═════ Dataset section ═════

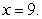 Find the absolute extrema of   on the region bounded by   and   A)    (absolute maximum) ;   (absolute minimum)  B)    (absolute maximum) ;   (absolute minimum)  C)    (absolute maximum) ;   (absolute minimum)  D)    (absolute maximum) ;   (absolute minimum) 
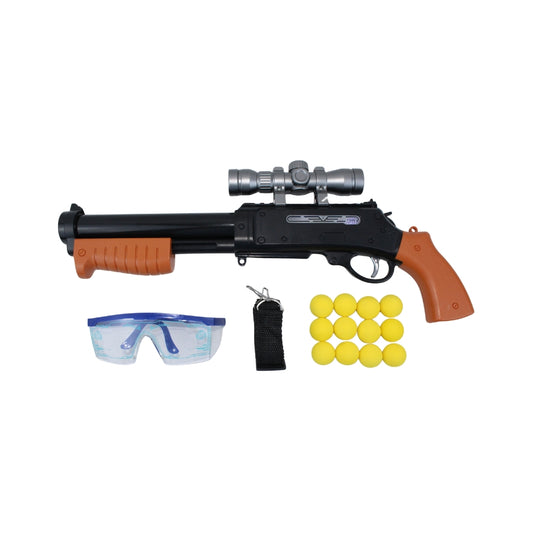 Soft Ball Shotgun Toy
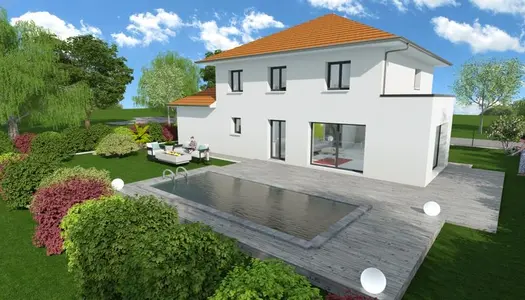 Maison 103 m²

═════

Return all of the material above unchanged, minus its pictures.

 Find the absolute extrema of   on the region bounded by   and   A)    (absolute maximum) ;   (absolute minimum)  B)    (absolute maximum) ;   (absolute minimum)  C)    (absolute maximum) ;   (absolute minimum)  D)    (absolute maximum) ;   (absolute minimum) 
 Soft Ball Shotgun Toy
 Maison 103 m²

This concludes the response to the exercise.